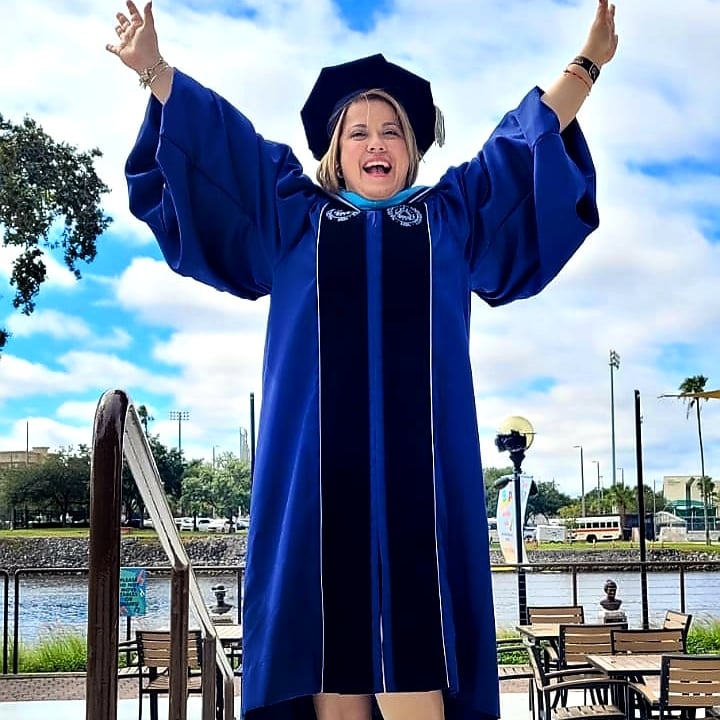 alelivaz's tweet photo. Got my title back in September 2020 and waited for over a year for this moment... today was THE day!!!
"If you know me based on who I was a year ago, you don't me at all. My growth game is strong. Allow me to reintroduce myself." #hooded #nluproud #classof2020 https://t.co/8jYBlzNcXt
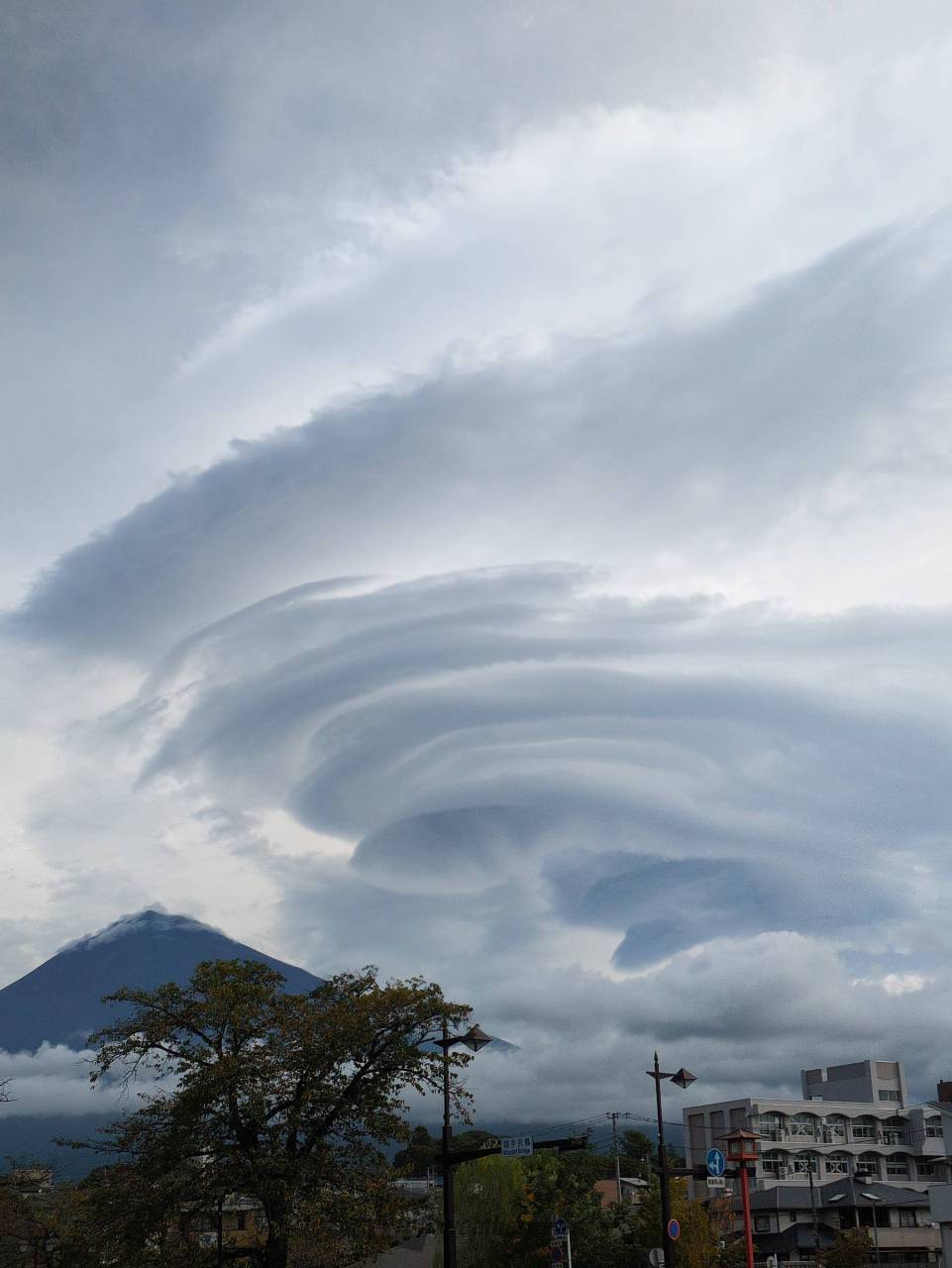 富士山と不思議な雲 注目の空の写真 ウェザーニュース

**Problem**
Omit the pictures, then set down all the remaining data exactly as given.

**Written solution**
 alelivaz's tweet photo. Got my title back in September 2020 and waited for over a year for this moment... today was THE day!!!
"If you know me based on who I was a year ago, you don't me at all. My growth game is strong. Allow me to reintroduce myself." #hooded #nluproud #classof2020 https://t.co/8jYBlzNcXt
 富士山と不思議な雲 注目の空の写真 ウェザーニュース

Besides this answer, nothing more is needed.